The Federal Reserve provides projections on U.S. gross domestic product (GDP) four times each year; in March, June, September, and December.
Just a few days ago, the Fed released its June projections. The Fed expects the U.S. economy to grow between 1.8% and two percent this year. (Source: Federal Reserve, last accessed June 17, 2015.) The mainstream will take this number and run with it. But what you won’t hear much about is what happened to the Fed’s past economic projections.
Please look at the table below. It shows the Federal Reserve’s GDP estimates over the past few quarters.
Federal Reserve’s GDP Growth Projections
(Source: Federal Reserve, last accessed June 17, 2015.)
Looking at this chart, you can see one common denominator. Since September of 2013, the Fed’s GDP projections for 2015 have been coming down. The low side of its GDP projection has declined from three percent to 1.8%. The upper side of its GDP projection has fallen from 3.5% to two percent.
If this doesn’t smell of pessimism, I don’t know what does.
The Federal Reserve will provide its projections for 2015’s GDP two more times this year; in September and December. Don’t be surprised to see their growth projections decline even further.
Interest Rates Headed Higher
According to the Federal Open Market Committee (FOMC), participants (Fed governors) expect interest rates to go higher this year…from a current Federal Funds Rate of 0.25% to a rate between 0.375% and 0.875% by the end of 2015.
By 2016, the Federal Funds Rate is expected to increase to around or above 1.375%, after which it is to rise to or above 2.375% by 2017. Yes, you’ve done the math right. If the bellwether Federal Funds Rate increases to 2.375% by 2017, it will be 850% higher than today’s rate!
Six Reasons Why the Fed Will Raise Interest Rates in 2015
The Federal Reserve’s projections have been increasingly pessimistic towards the U.S. economy. But at the same time, it is saying interest rates will rise. If the Fed expects economic growth to decline, why raise interest rates? After all, higher interest rates are supposed to be a tool for central banks to cool down an overheated economy…and the U.S. economy is anything but heated according to the Fed’s projections.
Here are my six reasons why the Fed will raise rates this year:
- The Fed has been telling the market since last year that it would increase interest rates.
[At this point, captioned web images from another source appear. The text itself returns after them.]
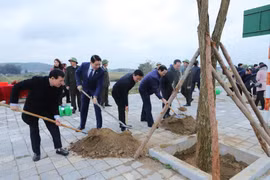 Năm 2023, tỉnh Thanh Hóa phấn đấu trồng từ 3 triệu cây xanh trở lên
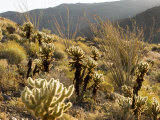 Cholla Cactus and Ocotillo Plants in the Desert Landscape  California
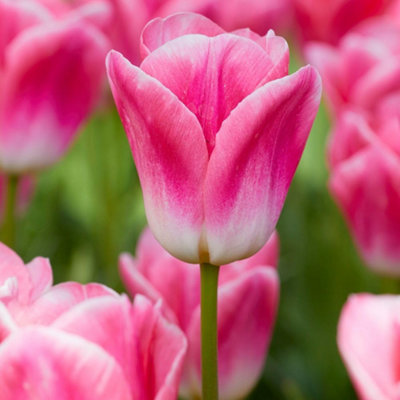 Tulip Dynasty Pink Triumph 10 Spring Flowering Bulbs for Beds Borders ...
Even with the economy slowing, it has to save face and do so.
- After printing so many trillions of new dollars during its various QE programs, the Fed wants to show us it was the right thing to do and that it worked.
- To support the value of the U.S. dollar in the wake of its declining status as the reserve currency of the world, the Fed wants to raise interest rates to show the supremacy of the greenback.
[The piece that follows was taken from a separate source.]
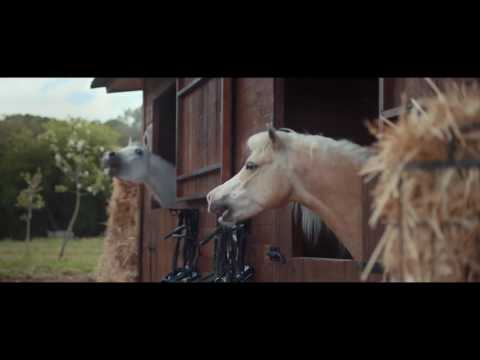 Volkswagen   Horses laugh Commercial Funny Video   2016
- While other central banks are either printing money or lowering their interest rates to stimulate their economies, the Fed wants to show the world the U.S. has recovered and is on the road to economic prosperity again.
- If the job numbers for June, July, and August are strong, and the “official” employment rate falls below five percent, the Fed will need to raise rates to alleviate wage growth pressure.
- Finally, the Fed is concerned all the trillions of dollars it has printed will cause price inflation. Hence, raising rates will pour some cold water on inflation before it has a chance to get going.
Of course, the Fed could be raising interest rates due to a combination of the above factors.
What the crash in the bond market has been telling us is crystal clear: interest rates are moving higher.